**WORK INSTRUCTION**: From the line containing "Rustieke brunch &" down to the final line of the entries below, quote every line verbatim. Exclude pictures.

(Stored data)
-- -- --
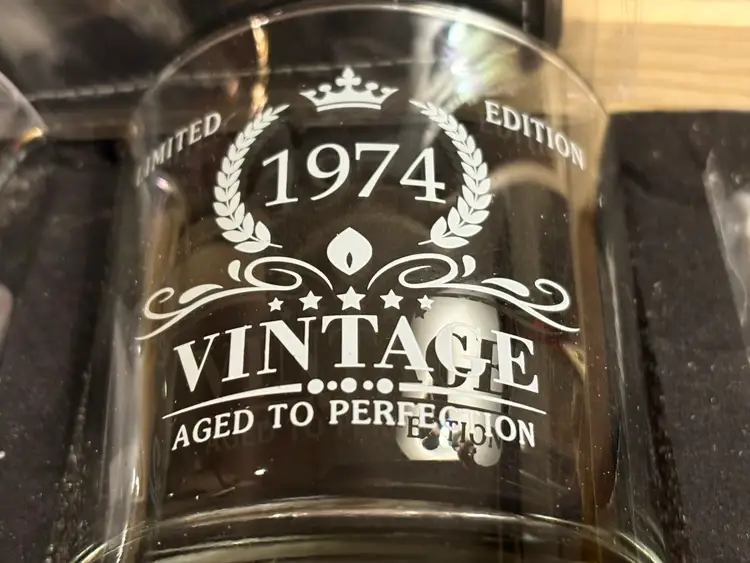 Vintage Gifts for Men Whiskey Glass Set Aged To Perfecection - 2, 1974, Cube,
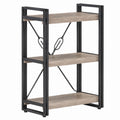 3-Tier Metal and Particleboard Bookshelf Black Oak 80 cm Height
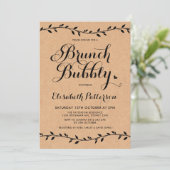 Rustieke brunch & bubbelig Baby shower Moderne lau Kaart (Staand voorkant)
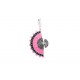 Pendentif charm pl. argent éventail rose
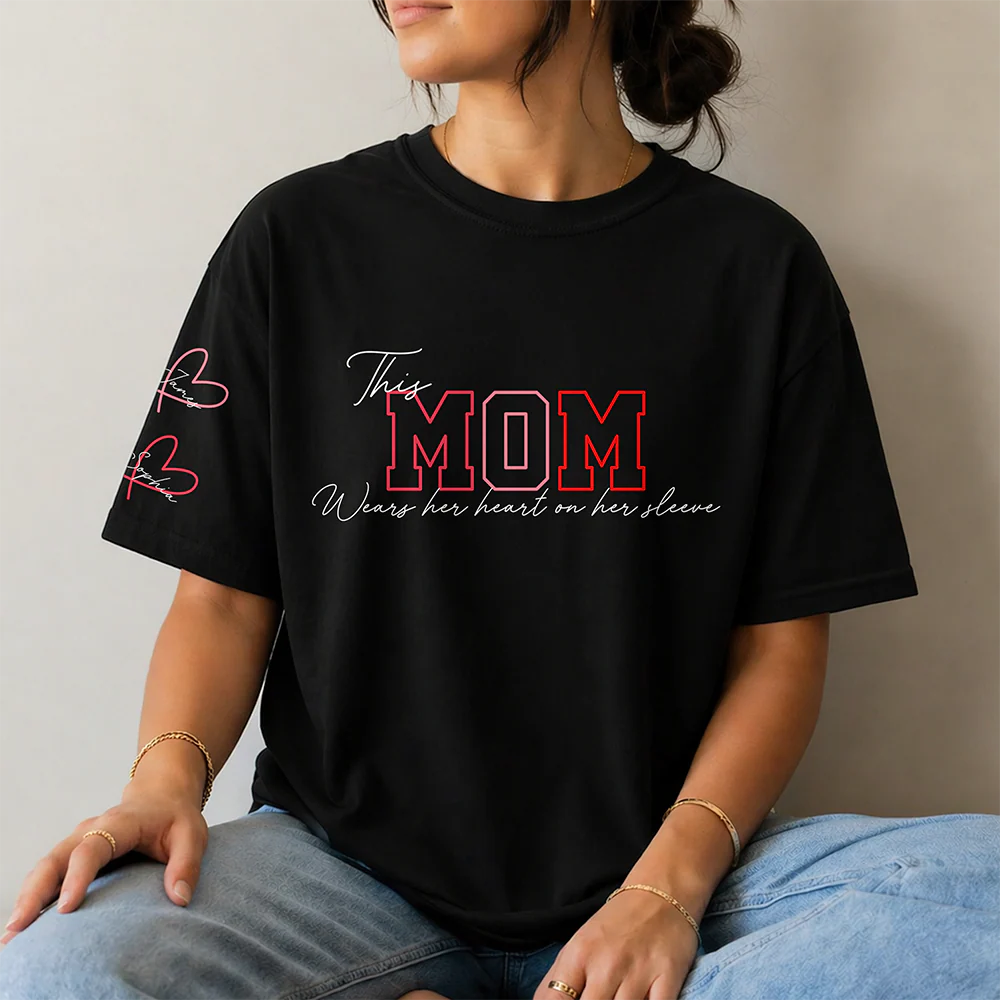 Custom Kids Names This Mama Wears Her Heart On Her Sleeve LM32 899859 - Image 6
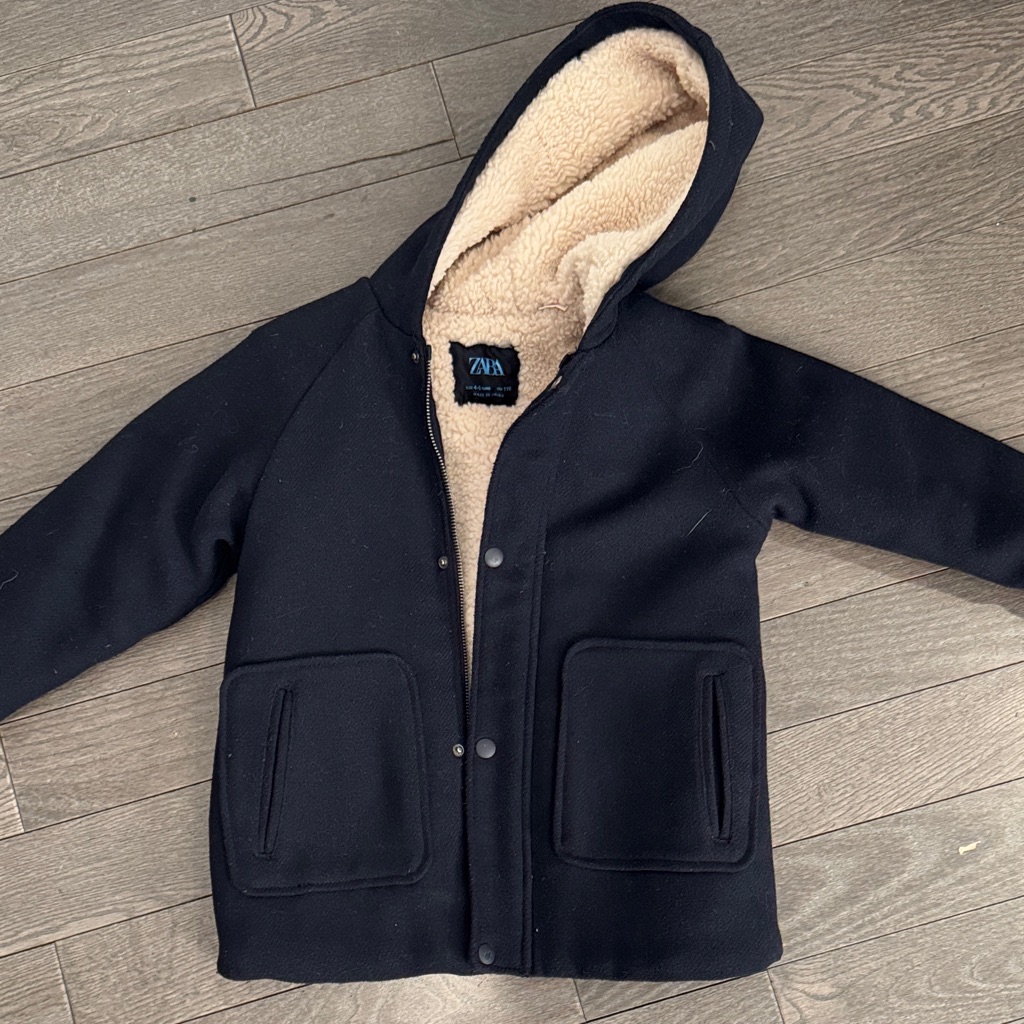 Zara Black Kids Puffer Jacket With Cream Lining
-- -- --
**EXERCISE ANSWER**:
 Rustieke brunch & bubbelig Baby shower Moderne lau Kaart (Staand voorkant)
 Pendentif charm pl. argent éventail rose
 Custom Kids Names This Mama Wears Her Heart On Her Sleeve LM32 899859 - Image 6
 Zara Black Kids Puffer Jacket With Cream Lining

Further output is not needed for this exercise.